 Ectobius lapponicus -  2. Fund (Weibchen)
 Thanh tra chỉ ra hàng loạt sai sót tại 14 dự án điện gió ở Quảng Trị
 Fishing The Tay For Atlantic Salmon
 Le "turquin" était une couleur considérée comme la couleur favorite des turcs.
==
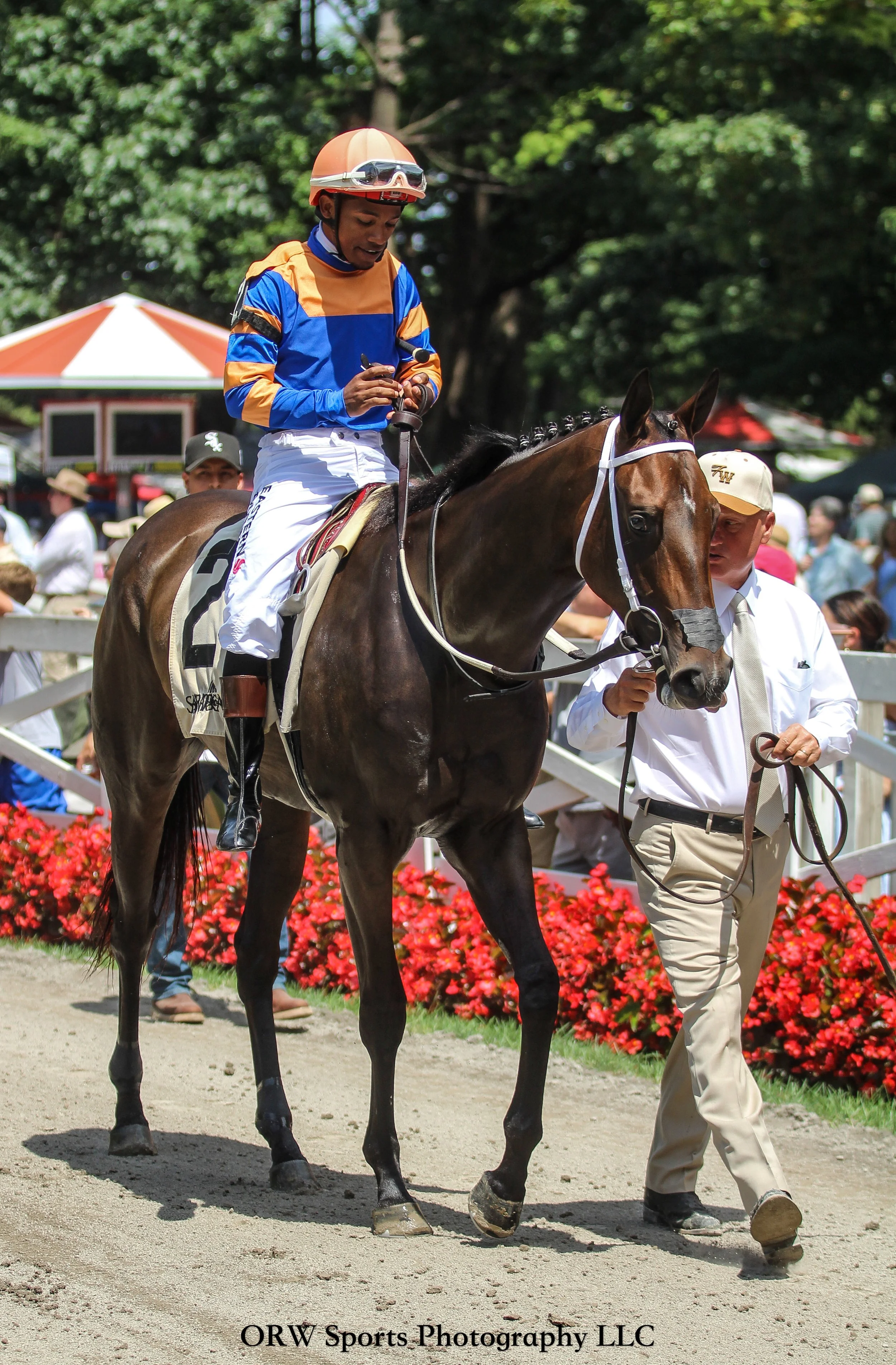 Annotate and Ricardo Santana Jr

EXERCISE DIRECTIONS
Would you copy, unchanged, the stretch of the records above that begins at the line containing "Fishing The Tay For Atlantic Salmon" and ends at the line containing "favorite des turcs.", and only that?

COMPLETED TASK
 Fishing The Tay For Atlantic Salmon
 Le "turquin" était une couleur considérée comme la couleur favorite des turcs.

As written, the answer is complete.